In his more than 70-year acting career, Clint Eastwood has played a number of iconic roles. None, however, quite reach the impact and memorability of his two most celebrated characters, Dirty Harry and The Man With No Name. Clint Eastwood took up the role of The Man With No Name in a trilogy created by director Sergio Leone, famous for his Spaghetti Westerns.
As iconic as The Man With No Name is, however, it’s not an original character. When creating the first film of the franchise, Fistful of Dollars, Sergio Leone drew a great deal of inspiration from Yojimbo, a Japanese samurai movie Akira Kurosawa. He took so much from Yojimbo, in fact, that Fistful of Dollars is often referred to as an unofficial remake of the classic samurai film.
Not only are the plots of the movies similar, but The Man With No Name is essentially a carbon copy of the main character of Yojimbo, another man with no name. Though Toshiro Mifune’s character gives the pseudonym Kuwabatake Sanjuro when pressed to do so, his true identity is never revealed.

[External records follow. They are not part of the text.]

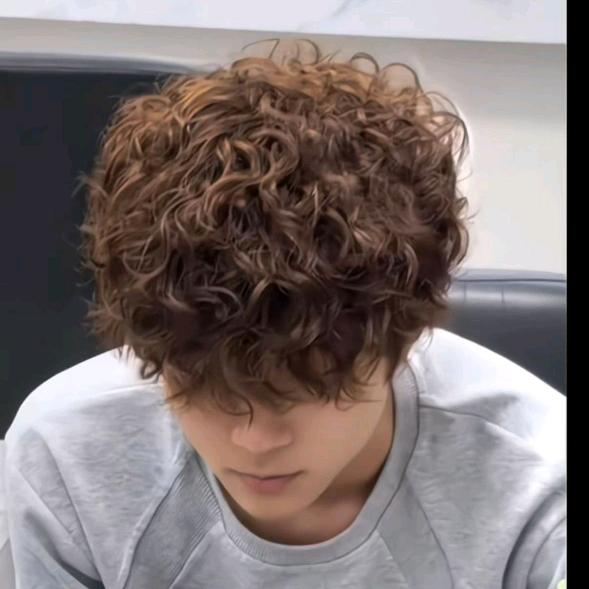 匠人私人定制(水斗富豪新村店)官方号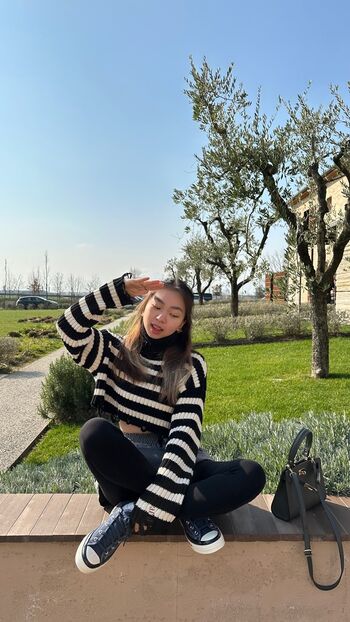 Full leaked Withclarise private onlyfans photo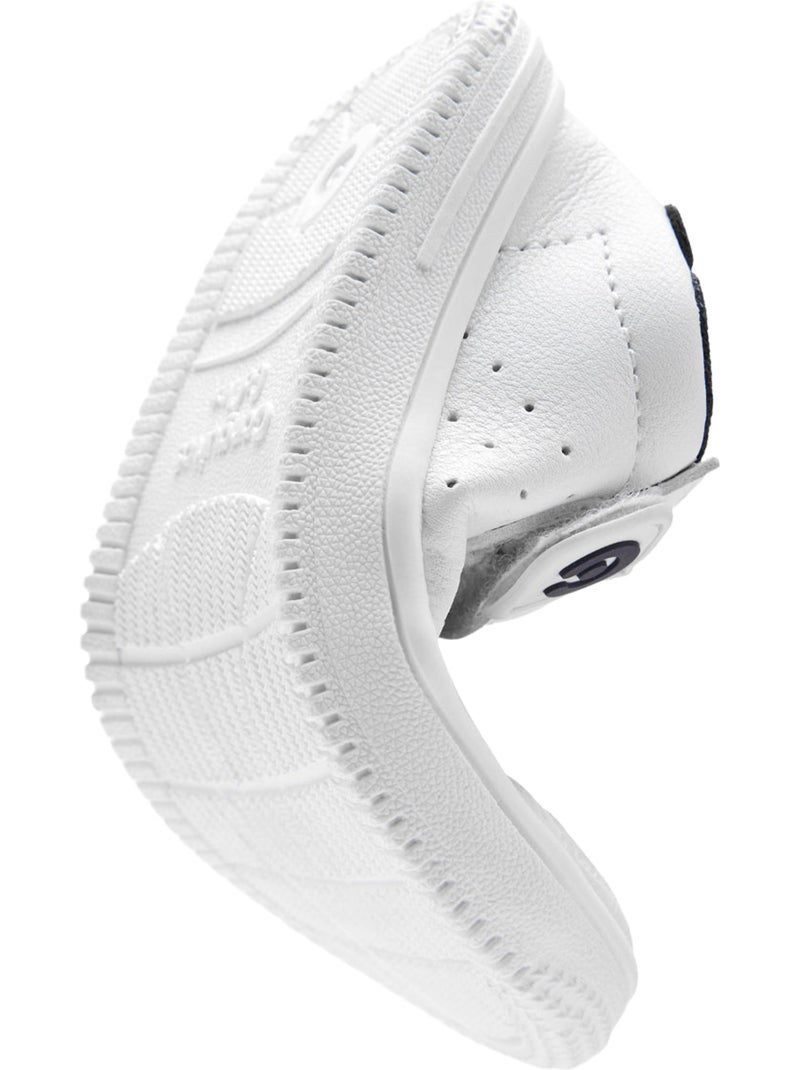 Sneakers Conguitos Goflex Barefoot Transpirable Blu marino - Kiabi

The two obviously don’t resemble each other in the slightest. One is a samurai and the other a cowboy, after all. However, both are ultra-tough anti-heroes with the single-minded goal of mowing down their enemies.

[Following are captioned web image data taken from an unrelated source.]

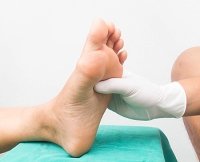 Checklist for Diabetics to Protect the Feet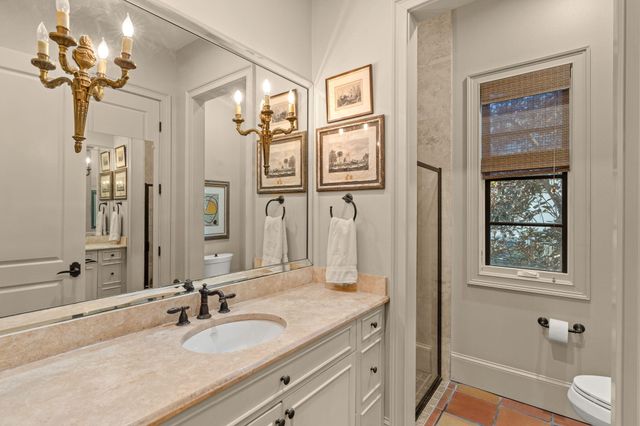 2502 E Baytowne Avenue, Miramar Beach, FL 32550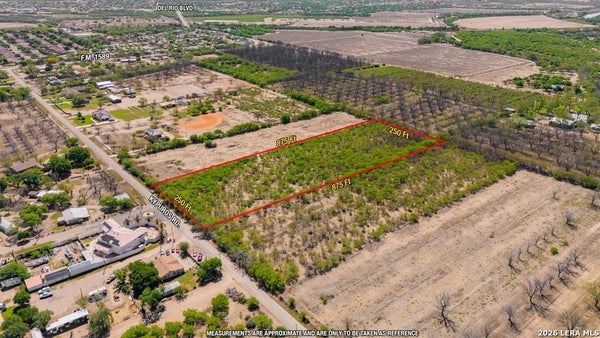 NORTH ST, EAGLE PASS, TX 78852 - Image a7233b10478e13c05ab07a61d650f46f/3802568209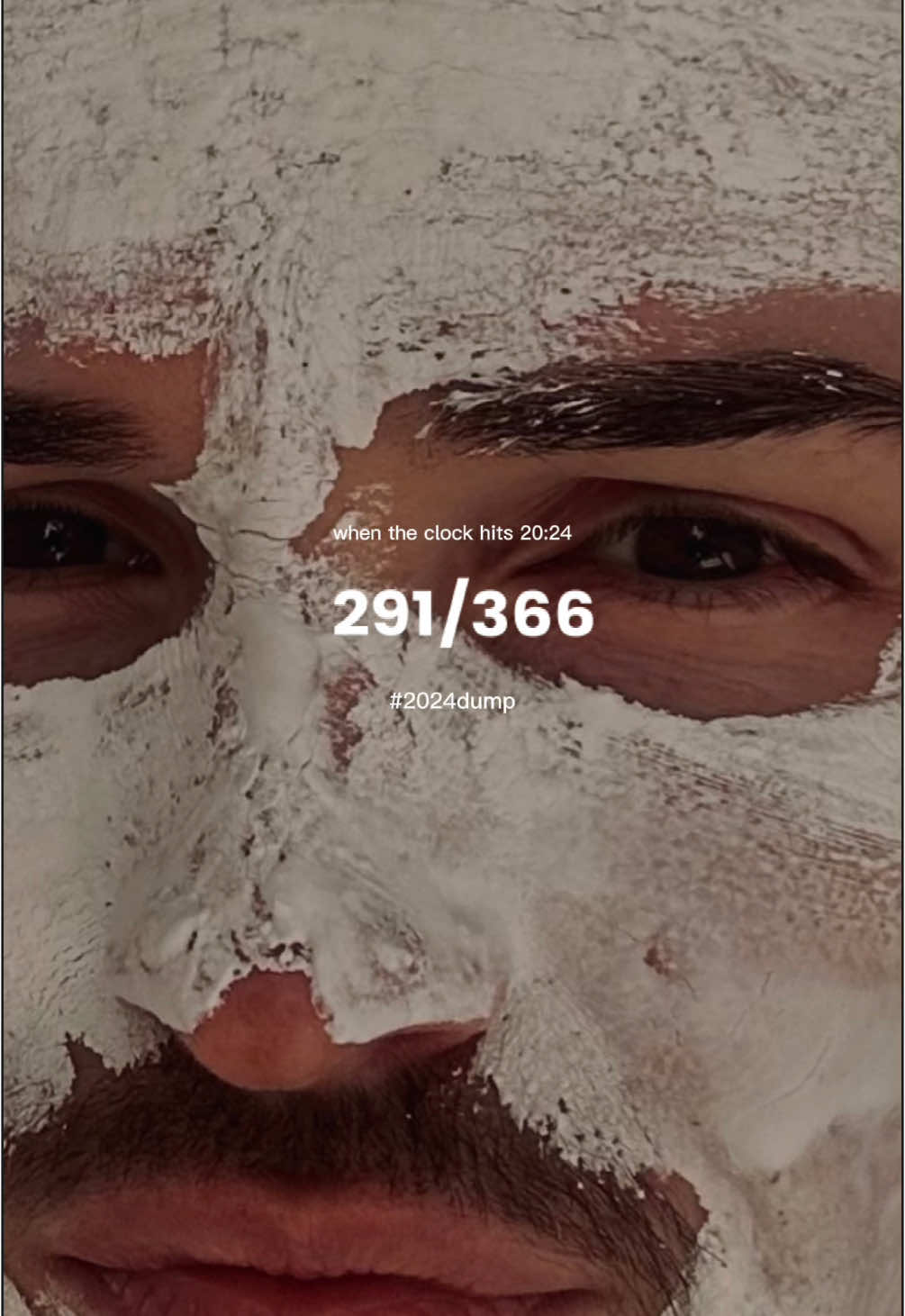 thank you 2024! #CapCut #recap #2024 #recap2024 #2024recap #templatecapcut #edit #capcuttemplate #fy #fyp #yearontiktok #cabincrew #flightattendant #2025 #thankyou #thankful #dump #2024dump #capcutedit #aviation #travel #aestheticvideos 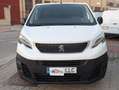 Peugeot Expert Fg. Long 2.0BlueHDi S&S Premium 150 Blanco - thumbnail 11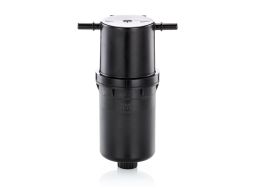 Filtr Paliwa Wk 9024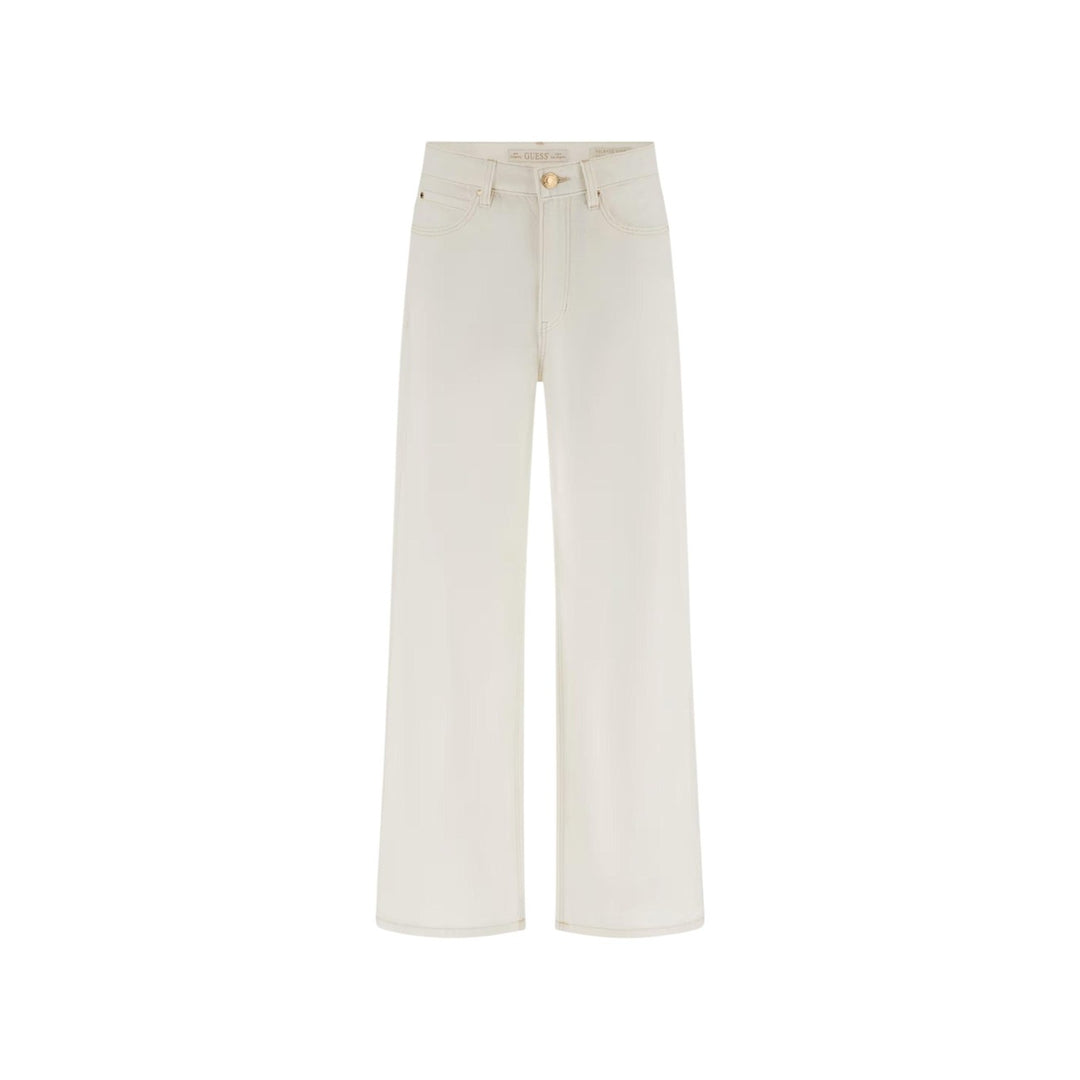 Guess  Women Trousers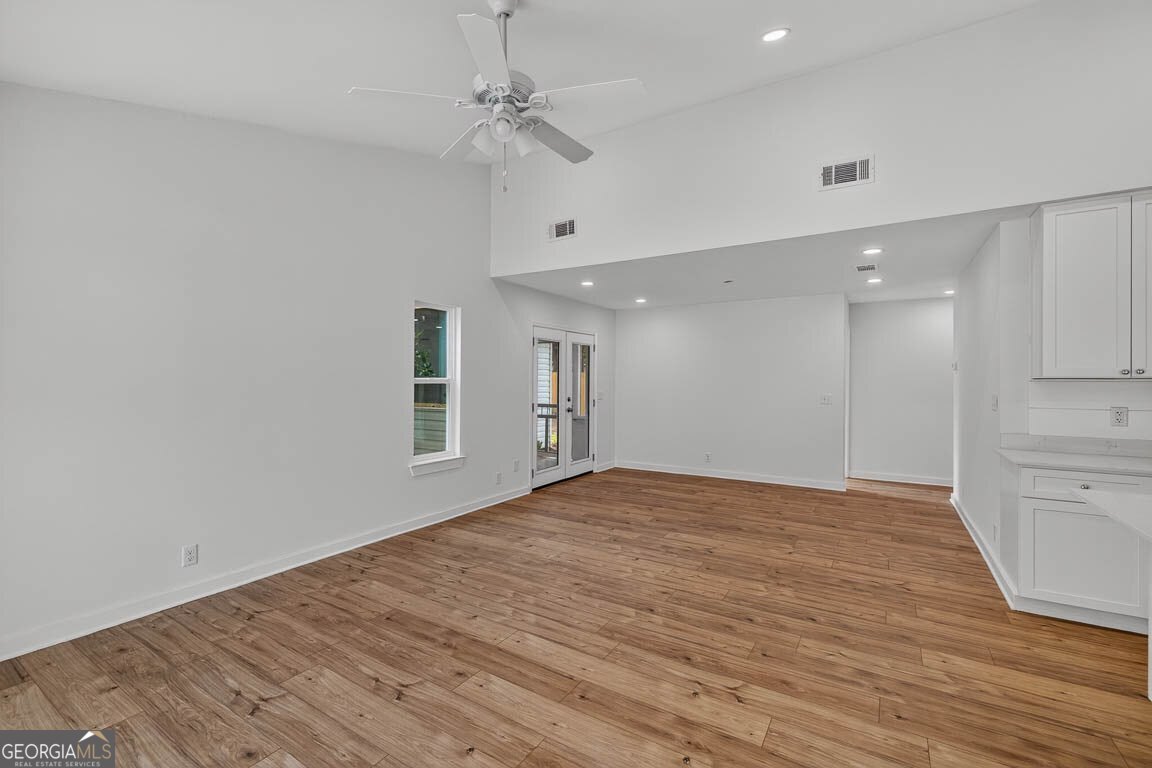 347 Terrapin Trail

The actors’ careers are also mirror images of one another. Clint Eastwood got his start in Spaghetti Westerns, which set him on the path towards becoming a Western icon. On the other side of the world, Toshiro Mifune’s role in Yojimbo opened the door to rest of his career, in which he starred in a variety of classic samurai films.
Clint Eastwood Still Has the Poncho From the ‘Man With No Name’ Trilogy
The Man With No Name trilogy (Fistful of Dollars, For a Few Dollars More, and The Good, the Bad and the Ugly) changed the trajectory of Clint Eastwood’s career and the Western genre as a whole. And though Eastwood plays the aloof anti-hero to perfection, he’s still human. Like anyone, he has a sentimental side.
Throughout the trilogy, The Man With No Name wore a wide-brim cowboy hat and a brown and white poncho. Because the poncho became synonymous with the character, Clint Eastwood kept it as a memento of his work on the films.
The poncho took quite a bit of punishment throughout the filming of the trilogy. It’s also now close to 60 years old. But Clint Eastwood has taken excellent care of it over the years. He’s so determined to maintain its integrity that he’s never washed it.
In a 2002 interview with Entertainment Today, Clint Eastwood gave the details behind the care his beloved poncho receives. “I still have that, yeah,” Eastwood said of his Dollars Trilogy poncho. “It’s sitting in a glass case. Never been washed. If you washed it, it would fall apart … It was folded up after The Good, the Bad and the Ugly and it hasn’t been unfolded yet.”